The Big D
I’m going to the Big D, and I don’t mean Dallas.
I remember from when I signed up for this blog, the topics could or could not have to do with quitting. You just had to end it with your day count, which I will do. But this is most certainly not about quitting. I just needed a place to type out some of my thoughts in private, and this should do well.
I was kicked out of my house on May 9. I won’t go into detail as to why I was kicked out, but I’ll just say that it’s been building for seven years. Our marriage has essentially been over for seven years, and it would appear we’ve reached a point of no return.
I haven’t been served papers yet. I doubt very much I’ll begin the proceedings. I’ll just wait.

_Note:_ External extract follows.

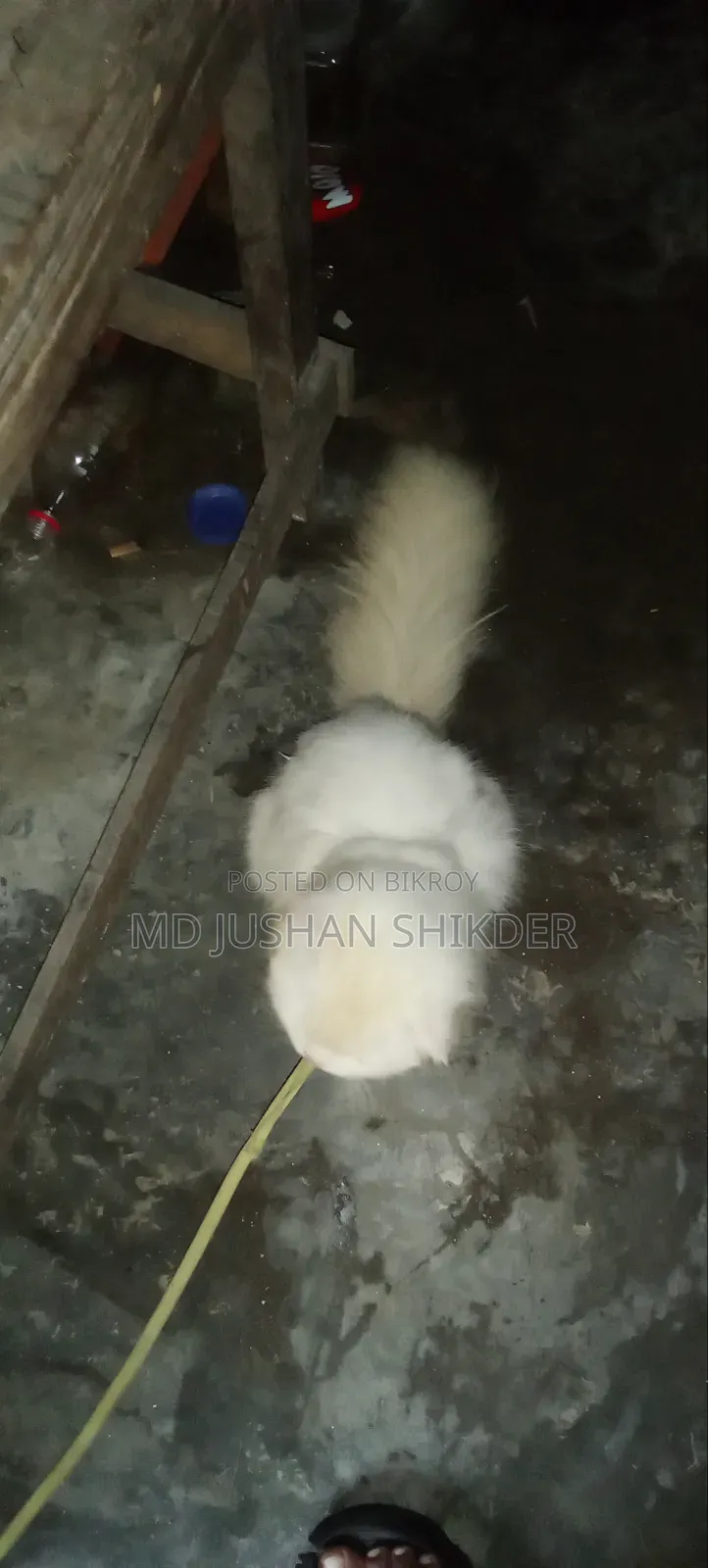 1+ year Male Purebred Persian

Mostly I feel like a failure. A failure as both a husband an a father.
For now I’m living down the road with my parents. How pathetic. A 46 year old living with his parents.

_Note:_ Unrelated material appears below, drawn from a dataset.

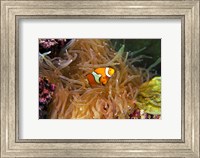 Framed Close up of a Clown Fish in an Anemone, Nadi, Fiji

We have four kids. Two girls 16 and 13 and two boys 10 and nine. I’m the primary wage earner. We have two assets with any value – our house and my retirement fund. My retirement fund has about four times the value of our house.
I called around, and attorneys cost anywhere between about $200/hour and $230/hour. Some require retainer fees, others do not. Those that do require retainer fees require anywhere between about $2,400 and $3,000.
This is going to cost money I don’t have, not to mention all the stuff I’m going to have to buy when I get a place of my own. Furniture, beds, dressers, television.
So basically, I’ve gotten a bunch of random topics listed out. Maybe I’ll go in to more detail on fewer topics as I go on with this blog.
Before I go – I’m going through the worst phase of my life nicotine free. That at least is something to be proud of.
Quit 1,223 days.
Sorry to hear this brother… keep your chin up, be the dad your kids need. Will keep you in my thoughts.